Members themselves are grappling with this largely untested dynamic, noting that there’s little precedent to guide the House. The rules adopted by members in January contemplate a vacancy in the speakership, empowering a temporary speaker to “exercise such authorities of the Office of Speaker” necessary to facilitate the election of a permanent speaker.
McHenry’s ascension to the speakership traces back to a system created after Sept. 11, 2001, to ensure continuity of government. After Kevin McCarthy was ousted earlier this month, the House clerk brought out a still largely secret list of McCarthy’s preferred successors. McHenry was first on the list — who else is on the list is unknown.

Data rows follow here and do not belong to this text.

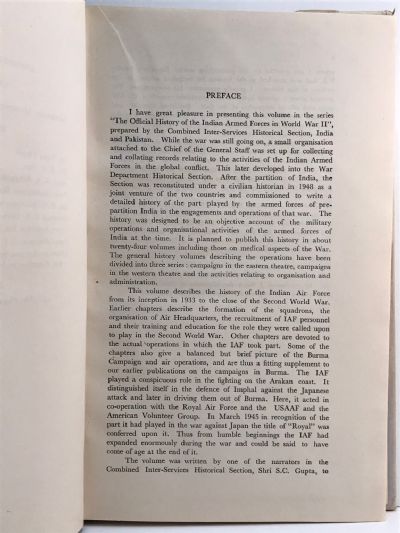 OFFICIAL HISTORY OF THE INDIAN ARMED FORCES IN THE SECOND WORLD WAR 1939-45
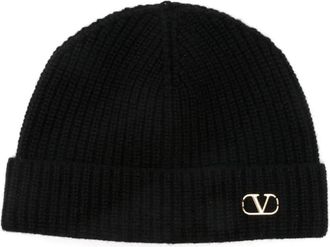 Valentino Garavani Cashmere Beanie - Heren - Hoeden - Zwart - ONE Size - Kasjmier - Accessoires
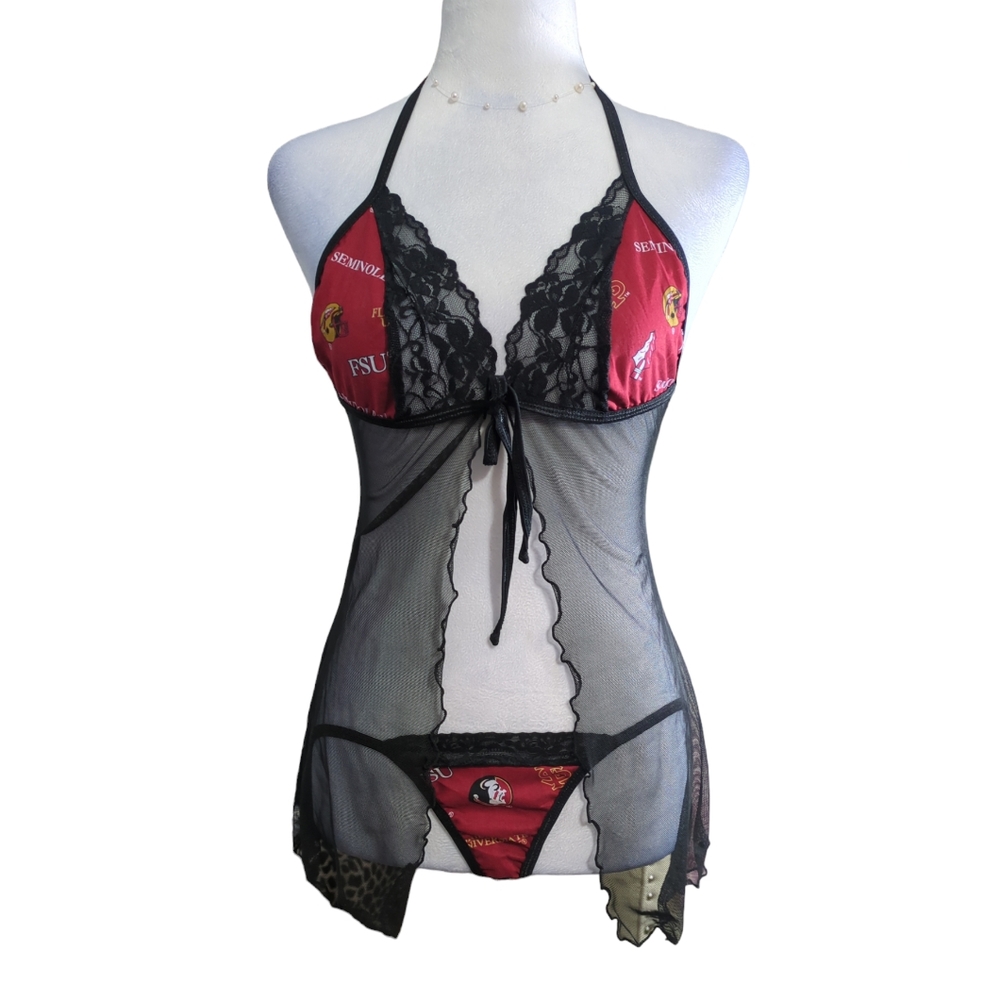 Babydoll lingerie set made with Florida Seminole Fabric Florida Seminol size S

While McHenry says the language of the rule limits his authority to simply setting up votes to elect a new speaker, other Republicans have argued it grants him the authority to actually run the House given that it was meant to guarantee continuity of government in the case of a national emergency.
“That measure was done in contemplation of 9/11 to ensure that we have continuity of government,” said Rep. Nick LaLota (R-N.Y.). “There should be nothing to discuss. He’s got all the powers, duties and responsibilities.”
House Republicans have discussed forcing a vote to help protect any actions McHenry takes from legal challenges. GOP lawmakers have mulled different interactions of what that could look like; Rep. David Joyce (R-Ohio) has been discussing a resolution that would empower McHenry through Jan. 3. Republicans have also discussed formally electing McHenry as a temporary speaker with expanded powers.
“These are serious questions,” said Rep. Kelly Armstrong (R-N.D.). “This is second in line to the presidency of the United States. … Everybody seems to have a little different opinion.”
After Jim Jordan lost a secret-ballot vote on Friday in a dramatic fashion, Republicans now face a wide-open field as they head for another candidate forum on Monday evening. That frenzy has put the proposal to empower McHenry on the backburner, for now.
Joyce said that McHenry “doesn’t want the job.” When asked about how to find a consensus in the conference, he pointed to the upcoming candidate forum.
“I think it was pretty clear that we need to empower a speaker and, for whatever reason, this group didn’t feel that was something that they wanted to do. So here we are on Day 20 — Monday will be 20 — and we’ll still be without getting anything done. And have wasted 20 of the 45 days that we have in the CR that they fired Kevin for,” Joyce said.
Quoting “The Princess Bride,” Armstrong added that the notion of a vote to empower McHenry appeared “mostly dead.”
That isn’t to say the idea couldn’t come back if Republicans continue to struggle to find their way out of their self-created wilderness. But it would likely face steep pushback from the conference’s right flank.
The Associated Press snapped a photo on Friday of a resolution from Freedom Caucus Chair Scott Perry (R-Pa.), who opposes the idea of empowering McHenry, to try to boot the North Carolinian from the office if he was elected as pro tem.
“There’s a lot of parliamentary questions around this because it’s never really been done,” said Rep. Andy Ogles (R-Tenn.), another Freedom Caucus member. “We don’t have a duly elected speaker, so can that power actually be transferred?”
One former House counsel agreed that the safest course for GOP lawmakers would be to take an affirmative vote — but he noted the calculus could change as the stagnant House plunges the nation closer to self-inflicted crisis.
“What is the wise course of action probably depends on how desperate the country becomes for House action if the House cannot muster a formal, affirmative vote,” said Kerry Kircher, the top House lawyer from 2011 to 2016.
Caitlin Emma contributed to this report.